#### Task statement
In the listing below, find every line with the string "Ивано" and pull it out.

[[ Records supplied, beginning ]]

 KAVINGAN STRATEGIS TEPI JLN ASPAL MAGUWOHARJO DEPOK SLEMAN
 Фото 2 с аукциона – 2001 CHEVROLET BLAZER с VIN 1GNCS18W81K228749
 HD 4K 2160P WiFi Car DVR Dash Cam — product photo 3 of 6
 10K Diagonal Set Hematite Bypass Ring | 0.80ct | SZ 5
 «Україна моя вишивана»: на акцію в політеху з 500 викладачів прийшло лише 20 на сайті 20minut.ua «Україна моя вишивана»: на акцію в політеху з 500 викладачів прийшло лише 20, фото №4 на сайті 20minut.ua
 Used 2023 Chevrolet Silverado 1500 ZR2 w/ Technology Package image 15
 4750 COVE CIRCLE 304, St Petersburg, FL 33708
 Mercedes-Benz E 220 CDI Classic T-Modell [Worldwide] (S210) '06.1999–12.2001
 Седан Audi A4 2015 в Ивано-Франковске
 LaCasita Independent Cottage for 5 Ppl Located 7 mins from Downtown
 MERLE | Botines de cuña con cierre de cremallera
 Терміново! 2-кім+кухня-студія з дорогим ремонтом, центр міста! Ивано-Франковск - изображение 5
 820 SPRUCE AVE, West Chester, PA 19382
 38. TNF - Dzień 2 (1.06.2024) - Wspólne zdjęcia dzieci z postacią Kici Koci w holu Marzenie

[[ Records supplied, end ]]

#### Finished exercise
 Седан Audi A4 2015 в Ивано-Франковске
 Терміново! 2-кім+кухня-студія з дорогим ремонтом, центр міста! Ивано-Франковск - изображение 5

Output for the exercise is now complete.